Stanley is one of the funniest novelists ever and the fact that I convinced him to write The Promethean is my single greatest literary triumph. With regards to his first novel, The Missionaries, an SJW reporter once asked me what was the best book Castalia House had published, read it, and later told me: “It’s the most racist and offensive book I have ever read, and I just couldn’t stop laughing. Now I hate myself.”

The fact that Bruce Bethke essentially stopped writing fiction after Head Crash is one of the great literary tragedies of our age.
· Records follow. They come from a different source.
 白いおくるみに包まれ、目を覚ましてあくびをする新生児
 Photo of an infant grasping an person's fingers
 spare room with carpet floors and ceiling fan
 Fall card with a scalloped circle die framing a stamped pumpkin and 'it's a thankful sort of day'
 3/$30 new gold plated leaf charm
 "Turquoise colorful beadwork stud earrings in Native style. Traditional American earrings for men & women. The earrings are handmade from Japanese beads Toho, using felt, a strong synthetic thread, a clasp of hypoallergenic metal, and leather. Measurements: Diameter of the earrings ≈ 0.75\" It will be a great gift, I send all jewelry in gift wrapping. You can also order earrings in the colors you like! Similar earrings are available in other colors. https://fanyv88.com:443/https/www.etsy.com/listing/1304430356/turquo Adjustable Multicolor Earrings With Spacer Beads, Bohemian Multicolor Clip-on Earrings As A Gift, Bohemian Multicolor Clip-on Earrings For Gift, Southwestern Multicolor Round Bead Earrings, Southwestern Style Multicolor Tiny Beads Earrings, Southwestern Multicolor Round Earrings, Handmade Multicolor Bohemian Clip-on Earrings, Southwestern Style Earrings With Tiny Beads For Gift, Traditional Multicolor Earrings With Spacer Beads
And while Terry Pratchett’s earliest work and later work can be forgotten, his middle period, when he matured as a writer, brought in an element of social commentary, and learned how to actually write humor instead of telling the reader what he was supposed to find funny, was very, very good.
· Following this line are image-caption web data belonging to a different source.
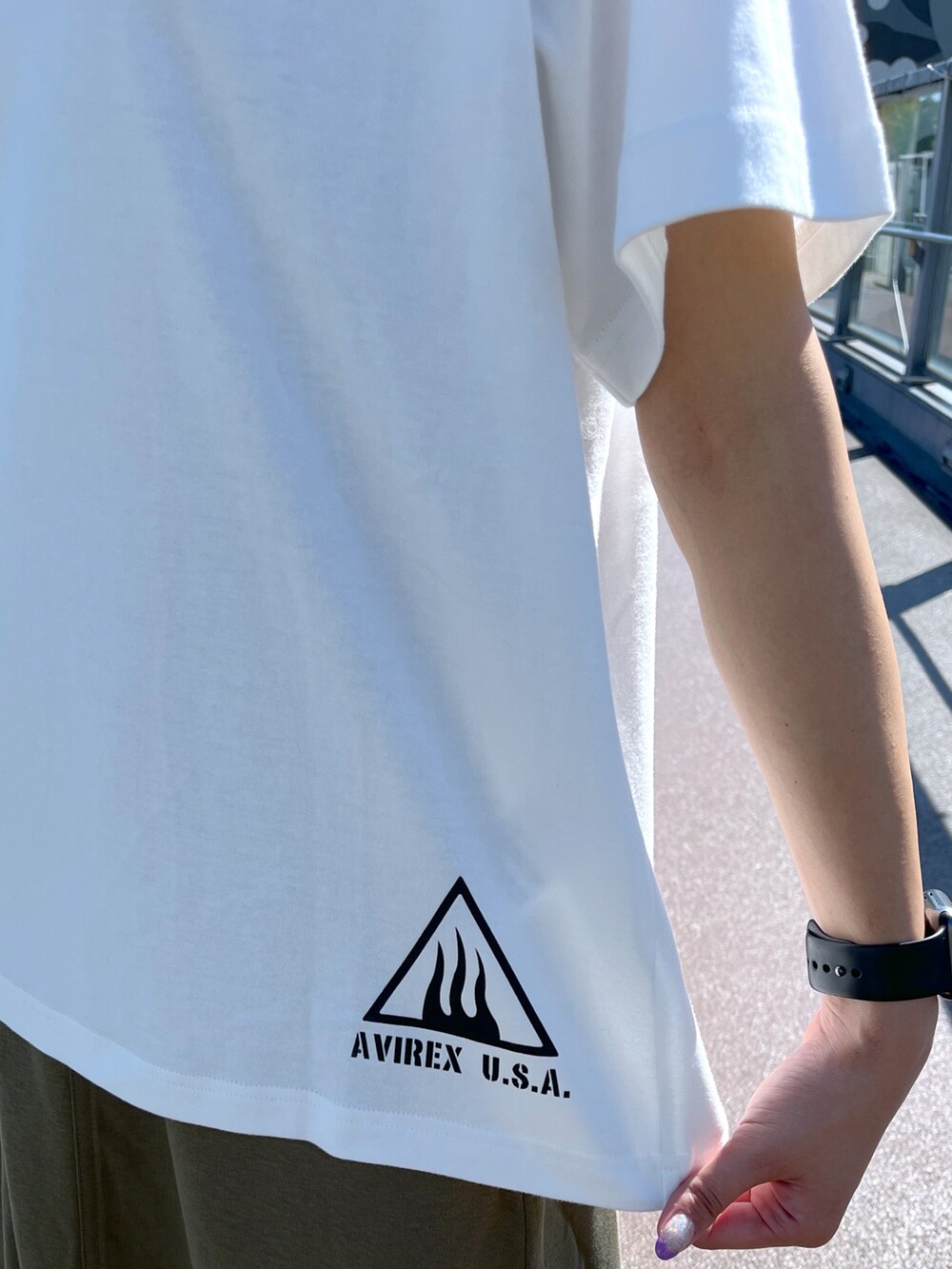 グリーン系のスカート、ホワイト系のTシャツ/カットソーを着用したレディースの夏コーディネートの3枚目の写真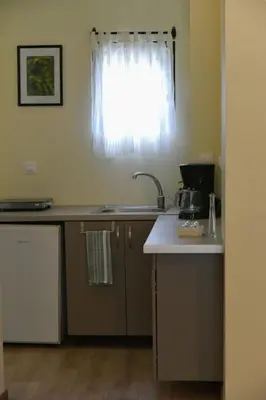 a kitchen with a sink and a window at Madrugada in Chania Town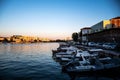 Landscape at sunset with the buildings on the other side of the city and boats Royalty Free Stock Photo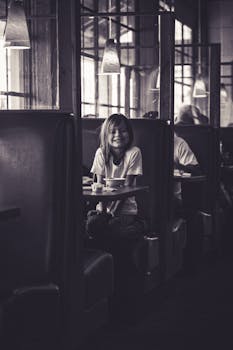 A black and white photo capturing a cheerful girl sitting in a Los Angeles restaurant booth.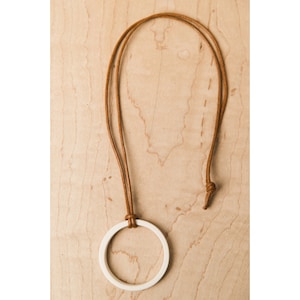 May include: A white ceramic circle pendant on a brown leather cord necklace.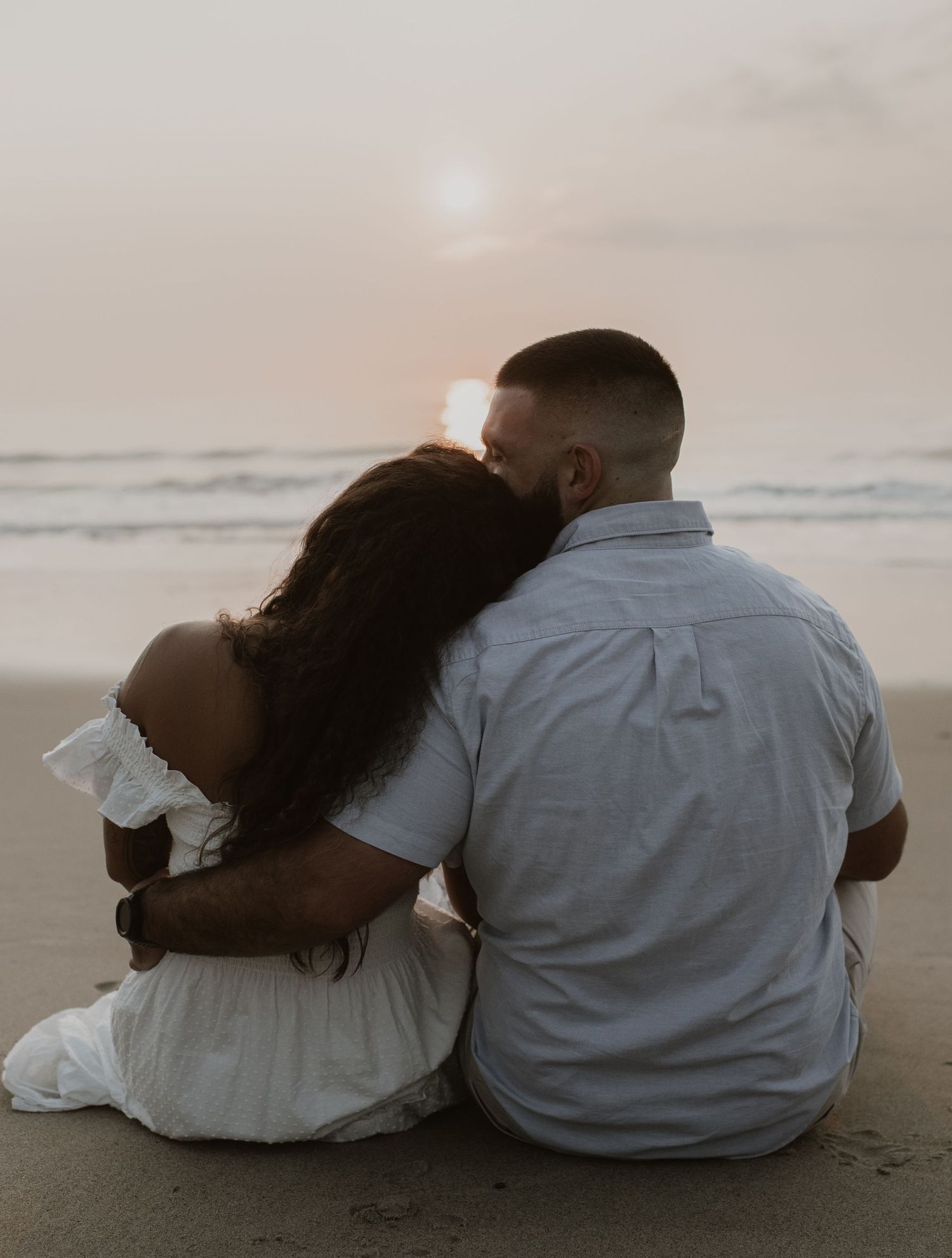Woman resting head on mans shoulder while sitting on beach watching a glowing sunset together.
Adams had more than a few tricks at his disposal, but his patented subdued punch line never ceased to be effective. My two favorites:

  • “Vogon poetry is of course, the third worst in the universe. The second worst is that of the Azgoths of Kria. During a recitation by their poet master Grunthos the Flatulent of his poem “Ode to a Small Lump of Green Putty I Found in My Armpit One Midsummer Morning” four of his audience died of internal haemorrhaging and the president of the Mid-Galactic Arts Nobbling Council survived by gnawing one of his own legs off. Grunthos was reported to have been “disappointed” by the poem’s reception, and was about to embark on a reading of his 12-book epic entitled “My Favourite Bathtime Gurgles” when his own major intestine, in a desperate attempt to save humanity, leapt straight up through his neck and throttled his brain. The very worst poetry of all perished along with its creator, Paul Neil Milne Johnstone of Redbridge, in the destruction of the planet Earth.
  • The bathroom was not large. The walls were panelled in old oak linenfold which, given the age and nature of the building, was quite probably priceless, but otherwise the fittings were stark and institutional. There was old, scuffed, black-and-white checked linoleum on the floor, a small basic bath, well cleaned but with very elderly stains and chips in the enamel, and also a small basic basin with a toothbrush and toothpaste in a Duralex beaker standing next to the taps. Screwed into the probably priceless panelling above the basin was a tin mirror-fronted bathroom cabinet. It looked as if it had been repainted many times, and the mirror was stained round the edges with condensation. The lavatory had an old-fashioned cast-iron chain-pull cistern. There was an old cream-painted wooden cupboard standing in the corner, with an old brown bentwood chair next to it, on which lay some neatly folded but threadbare small towels. There was also a large horse in the room, taking up most of it.